Even if continuous delivery is somehow reliably delivered, if the changes are customer visible, then they break my muscle memory, and increase my cognitive load -- I have to re-learn the damned UI every fucking time I log in. If the changes are not customer visible, then what business value to they deliver?

1 more reply

recfab3y ago

This just sounds like Continuous Delivery. We never achieved it in my last job, so I can't speak from experience, but my understanding is that typically "deploy" is separated from "release" using feature flags of some kind.

Scubabear683y ago

The article starts with “Last year, we made the difficult decision to stop deploying any changes to production for one week” and goes on to talk about releases.

In that context I assume this means they make multiple production releases per day (which makes me shudder). I am curious how they do this while maintaining high quality and not driving customers insane.

2 more replies

drewcoo3y ago

It sounds like continuous deployment, not continuous delivery.

Continuous deployment deploys code to production frequently, as soon as it's ready.

Continuous delivery has some ready-to deliver branch that's constantly being updated as above, but they're not deployed to production until someone (Product Owner?) or something (Yay - end of sprint!) triggers it.

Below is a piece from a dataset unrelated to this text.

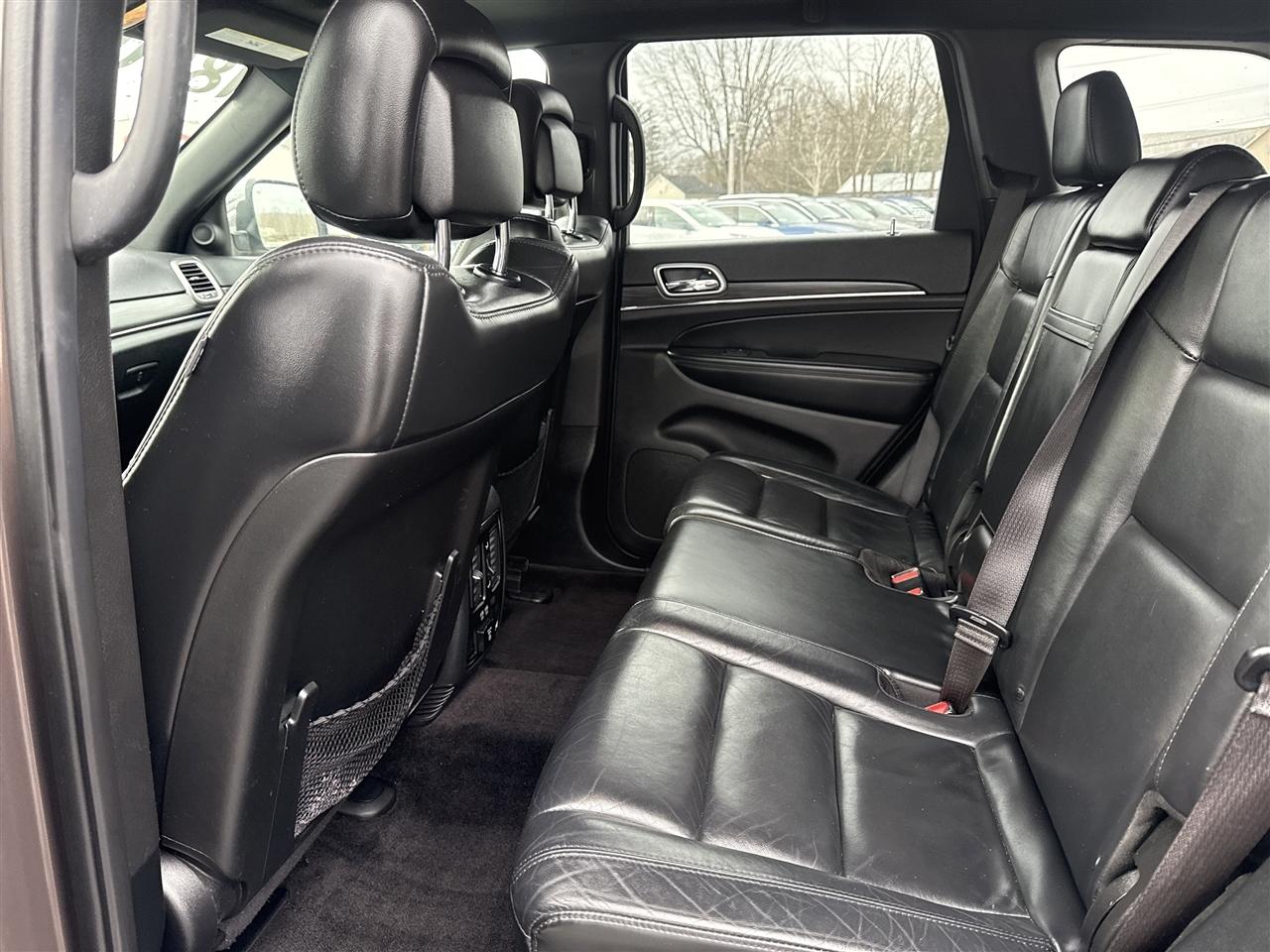 Jeep Grand Cherokee Limited 4x4 2019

Different people may use the word release for at least this many things: 1) a deployment, 2) an unveiling via feature flags, 3) a public announcement despite the code already having been live.

alrocarOP3y ago

Yep, it's part of our culture, we do many releases per day to constantly iterate things. Also as in other projects there are maintenance and bug fixing we want to bring to production as soon as possible.

Our context is the one of a startup that is constantly validating things, also in our context a release does not necessarily mean releasing to the users, sometimes stuff is behind feature flags or for beta testing.

drewcoo3y ago

Hey there! I'm an old fuddy duddy, too.

Continuous deployment has been around long enough that even IBM (remember never getting fired for buying IBM?) talks about it.

https://www.ibm.com/topics/continuous-deployment

"Dark deploys" and "feature flags" are often used to keep customers safe from incomplete features while still giving all of the advantages of CD plus allowing testing in production.

I'd never heard of Flagship, but this is a nice writeup on that (kudos, Flagship.io):

https://www.flagship.io/glossary/dark-launch/

tetha3y ago

Mh, I'm interacting with teams with wildly different release strategies and stability requirements at work.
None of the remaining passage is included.